The sticking point is Part V of the Constitution Act, 1982. Section 41(d) states that a change to the “composition” of the Supreme Court of Canada requires agreement of all ten provinces. Under s. 42(1)(d), any other change to the Court requires the agreement of 7 provinces representing 50% of the population. Depending on how we understand Part V, these provisions may or may not present a big problem for the AG.
On one reading, these sections limit Parliament’s authority to unilaterally change the Supreme Court only to the extent that some aspect of the Supreme Court’s composition has been specifically entrenched by a constitutional amendment. Otherwise, ss. 41(d) and 42(1)(d) have no effect. Since the Supreme Court Act is an ordinary Act of Parliament, it cannot be taken to have constitutionalized any aspect of the Court’s composition. That being the case, the relevant clauses of Part V are “dormant”. Let us call this “the Hogg view”, in honour of its most famous exponent.
The Hogg view is troubling because the whole point to ss. 41(d) and 42(1)(d) was, surely, to restrain Parliament’s power to change the Supreme Court without provincial consent. They were meant to answer the concerns of the “gang of eight” – the provinces that had opposed Trudeau’s constitutional reforms. As Professor Monahan has remarked:
The underlying purpose of the amending procedure [in Part V] … is to protect the provinces from having their rights or privileges negatively affected without their consent. This includes provincial interests in the design and operation of key national institutions such as the Senate and the House of Commons. Yet, by treating section 41(d) as ineffective, the provinces are granted absolutely no protection when it comes to the Supreme Court, a key institution of the federation.
Monahan does not suggest that all aspects of the Supreme Court Act have been effectively entrenched by Part V – only “those key characteristics of the Court that implicate fundamental provincial interests”. He gives, as one example, “the requirement that three members of the Court be appointed from the bar of Quebec”.

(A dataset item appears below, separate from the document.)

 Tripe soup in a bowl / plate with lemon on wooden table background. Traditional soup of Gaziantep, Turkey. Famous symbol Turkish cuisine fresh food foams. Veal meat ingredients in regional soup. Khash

Warren Newman has responded that, on several occasions, “attempts to entrench substantively the composition and essential characteristics of the Supreme Court in the Constitution of Canada were proposed and failed to be ratified.” That being the case, he argues, it would be strange if the Court was “prepared to read these types of provisions directly into the text of the Constitution.” Newman does not endorse the Hogg view. Rather than rely on a purposive interpretation of Part V, though, he looks to the “structural” role of a “court of last resort” in Canada’s constitutional system. As Newman points out, it was unnecessary at the time of Confederation to set out the features of a general court of appeal, or to require Parliament to create one, because Canada already had one: the Judicial Committee of the Privy Council. The Constitution Act, 1867 thus presupposes that there will be a “court of last resort”. Given the legal problems bound to arise in a federal state, it is impossible to read the Constitution as permitting the abrogation of the Supreme Court. Once appeals to the Privy Council were abolished in 1949, “the appellate jurisdiction of the Supreme Court of Canada became essential.” In effect, Newman claims, the mention of the Supreme Court in Part V “crystallized” its constitutional status, and made it impossible for Parliament to change those attributes which were “essential” to it as of 1982.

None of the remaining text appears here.